Получилось довольно громко. В зале воцарилась мертвая тишина. Платон поднялся во весь рост и громко объявил:

– Незапятнанный среди нас. Внимайте, братья.

Онилин остался стоять. Вслед за ним встали и остальные участники собрания, обнажая свои рудименты. В углу партера и на галерке балкона раздались панические возгласы и призывы к бегству. То всполошилась просочившаяся опазиция, которая всерьез решила, что именно она представляет опасность для «молочных братьев». Все смельчаки, конечно же, счастливо сумеют избежать поимки и расправы. С этой целью их сюда и заманили, чтобы они сами смогли подслушать величайшие тайны закулисы, а потом выставить братьев в их истинном, разумеется неприглядном, свете. Все шло как по маслу. Недаром Платон Онилин прослыл мастером подобных представлений. Хотя и без накладок не обошлось. Один из приглашенных териархов был не проинструктирован насчет псевдолазутчиков, и его грозная шира едва не сгубила юркого журнаша, то ли из желтого, то ли из красно-коричневого лагеря. Слава Боггу, оказавшийся рядом сосунок быстро нейтрализовал смертельный укол – фактически убитый журнаш поднялся с таким видом, как будто видел самого Вседержителя, и чуть опять все не испортил, оставшись стоять с открытым ртом. Только получив легкий разряд одного из окочуров, он, прикрыв голову руками, бросился догонять своих.

А настоящий незапятнанный сидел по центру партера, спрятавшись под давно не используемый аппаратный стол.

Огромная лапа Сахим Бея выдернула лазутчика прямо под рудименты ощетинившихся адельфов. Лох был бледен, как полотно. Зубы его стучали, узкие плечи незапятнанного трясло, но глаза… глаза его горели огнем дьявольской, неистощимой ненависти.

Сгрудившиеся вокруг пойманного лоха адельфы вытянули носы и губы, териархи обнажили свои мощные ширы. Рудимент Бея, томно извиваясь, прошелся по спине добычи, нащупывая кончиком устье лоховища.

– Неширянный! – на диалекте позднего Брежнева, пытаясь удержать разбухший орган от инстинктивных действий, выдавил из себя Сахим. Но каких трудов это ему стоило! Сок желания так и капал с нижней губы Бея, а его орудие непроизвольно, чуть не разрывая териарху рот, сокращалось, норовя тайком от хозяина вонзиться в девственный рудимент незапятнанного.

– Сахим! – окрикнул териарха Платон.

Сахим вздрогнул и медленно обернулся, пытаясь помутневшими от желания глазами обнаружить источник помехи.

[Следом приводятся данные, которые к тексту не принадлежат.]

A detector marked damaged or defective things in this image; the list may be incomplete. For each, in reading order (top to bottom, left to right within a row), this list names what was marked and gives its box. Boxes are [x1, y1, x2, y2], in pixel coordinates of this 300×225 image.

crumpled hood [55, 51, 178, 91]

– Сахим, – еще раз, но уже с командно-презрительными нотками произнес церемониарх, и шира Бея стала медленно, с явной неохотой убираться внутрь. – Ты забыл, через него «стоящий на входе» перешагнуть должен. Богг послал нам незапятнанного для испытания силы грядущего сосуна.

На последних словах шира Бея вздрогнула и как-то очень быстро скользнула внутрь.

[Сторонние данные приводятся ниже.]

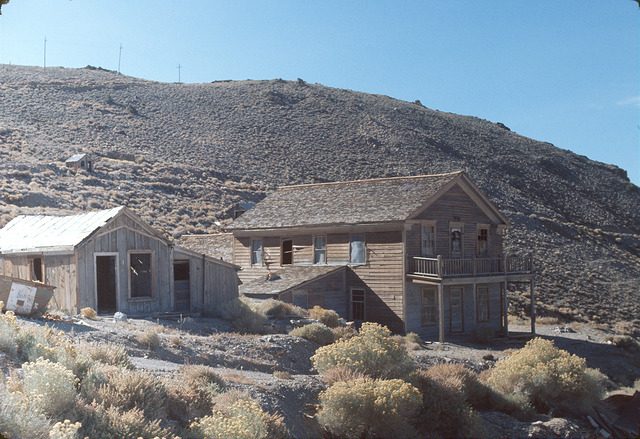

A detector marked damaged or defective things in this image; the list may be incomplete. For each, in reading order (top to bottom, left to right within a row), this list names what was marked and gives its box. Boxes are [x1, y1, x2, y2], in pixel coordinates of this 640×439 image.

broken window [129, 254, 152, 300]
broken window [422, 288, 438, 326]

Теперь неширянного, точно редкого зверя, осматривали со всех сторон, по ходу обсуждая факт исчезновения этого подвида лохов. Сам же пойманный лазутчик оставался абсолютно нем: ни лозунгов, ни проклятий, ни мольбы. Настоящий незапятнанный. Восхитительная находка для кандидата в сосунки.

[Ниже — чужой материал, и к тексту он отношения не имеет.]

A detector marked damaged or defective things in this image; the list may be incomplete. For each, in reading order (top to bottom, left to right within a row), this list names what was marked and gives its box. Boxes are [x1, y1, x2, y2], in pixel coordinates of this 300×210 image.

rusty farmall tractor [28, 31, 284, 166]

Платон подал знак стоящим наизготовку лохобоям, и те, резко подавшись вперед, начали вязать шпиона – да с таким рвением, что сладостный аромат его девственного лоховища грозил неисправимо испортиться адреналином отчаяния и ужаса.

Церемониарху пришлось вмешаться еще раз: он цыкнул… да, просто цыкнул, но этот привычный для мелкой гопоты звук, только рожденный не зубной прорехой, а изданный глубинными отделами спрятанного во рту рудимента и усиленный интрасосальным резонансом[148]148
  Интрасосальный резонанс – неизвестное акустическое явление, возможно, суггестивного действия. – Вол.


[Закрыть]
до иерихонской фуги, звучал до того устрашающе, что лохобои вмиг обмякли и сделались подчеркнуто толерантными: с грацией медсестер они деликатно оторвали пленника от пола и нежно, но при этом настойчиво стали распрямлять его заломленные за спину руки.

– Ромашок, – потирая от удовольствия ладони, шепнул наставник ученику, – уходим.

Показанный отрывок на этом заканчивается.